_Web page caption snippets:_

/---

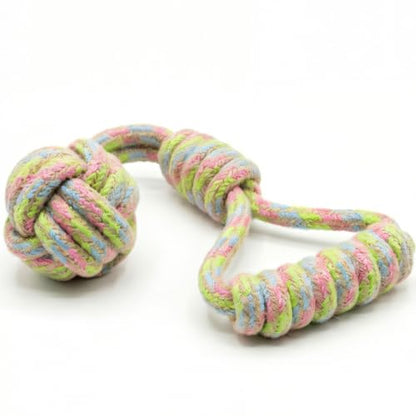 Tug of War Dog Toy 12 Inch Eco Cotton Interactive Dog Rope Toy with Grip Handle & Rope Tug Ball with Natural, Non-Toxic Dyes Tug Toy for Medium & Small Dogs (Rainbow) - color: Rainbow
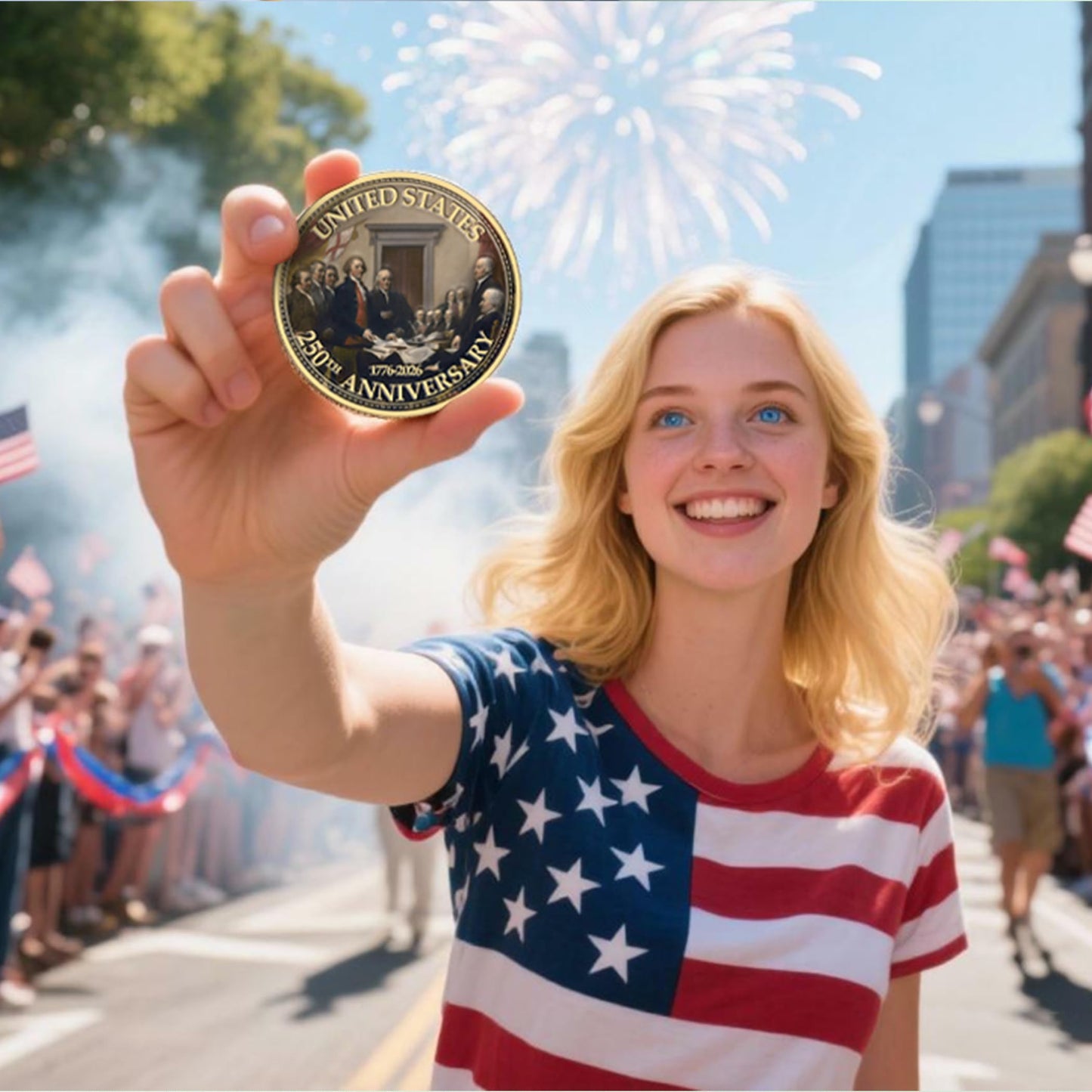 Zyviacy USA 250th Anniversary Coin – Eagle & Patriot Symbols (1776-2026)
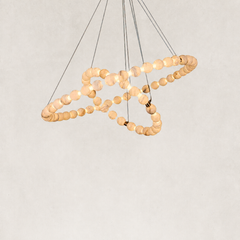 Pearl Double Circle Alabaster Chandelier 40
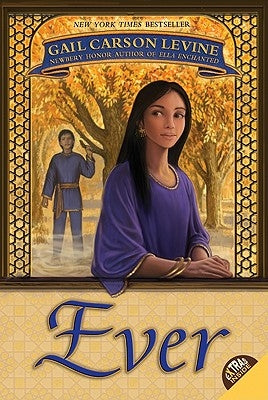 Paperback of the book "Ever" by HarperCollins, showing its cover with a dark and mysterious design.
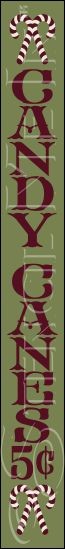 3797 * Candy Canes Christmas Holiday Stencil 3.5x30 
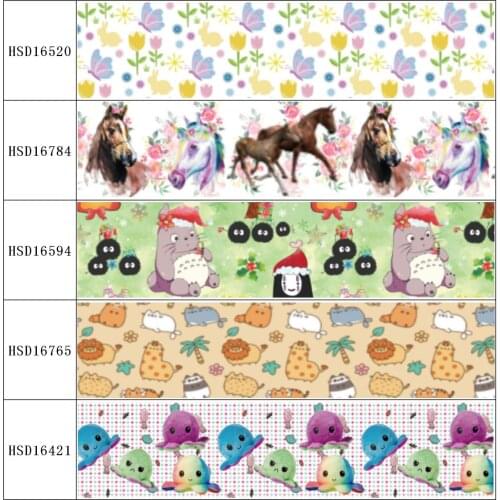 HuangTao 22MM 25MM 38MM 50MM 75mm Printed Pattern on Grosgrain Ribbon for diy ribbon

\---

_WHAT YOU NEED TO DO:_ Take the line containing "Zyviacy USA 250th" and all lines after it to the end of the data above, and reproduce them exactly, leaving out pictures. Nothing else belongs in the copy.

_TASK OUTPUT:_
 Zyviacy USA 250th Anniversary Coin – Eagle & Patriot Symbols (1776-2026)
 Pearl Double Circle Alabaster Chandelier 40
 Paperback of the book "Ever" by HarperCollins, showing its cover with a dark and mysterious design.
 3797 * Candy Canes Christmas Holiday Stencil 3.5x30 
 HuangTao 22MM 25MM 38MM 50MM 75mm Printed Pattern on Grosgrain Ribbon for diy ribbon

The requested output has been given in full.